En cierto sentido la respuesta a toda esta cuestión podría ser algo como lo que sigue, y que equivale al reverso de la enseñanza de San Agustín: No tenemos, y quizá nunca tendremos una respuesta de absoluta certeza para cada caso particular, pero sí tenemos fundados motivos de esperanza para afirmar que estos infantes son alcanzados por la gracia de Cristo según la múltiple acción de su Espíritu en la Iglesia, de modo tal que finalmente participarán de la bienaventuranza eterna.

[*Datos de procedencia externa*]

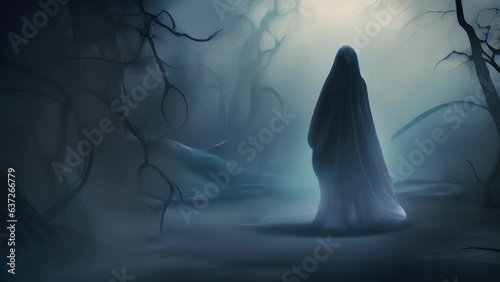 A mysterious silvery fog descended around them thickening the dark night. Suddenly the fog parted like a curtain revealing an ancient crone. Her hollow grey eyes seemed to be looking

Así pues, si Agustín habló de un infierno “mitigado,” parece que, por contraste, la respuesta que hay que dar aquí sea lo opuesto: el destino de los infantes muertos sin bautismo es el cielo–con una bienaventuranza esencial que es la misma que para todos, por supuesto–pero un cielo “mitigado,” en cuanto que las circunstancias de su acceso a la felicidad eterna y los vínculos que efectivamente les unen con el resto del Cuerpo Místico de Cristo los ignoramos, si bien que con una ignorancia serena y colmada de esperanza.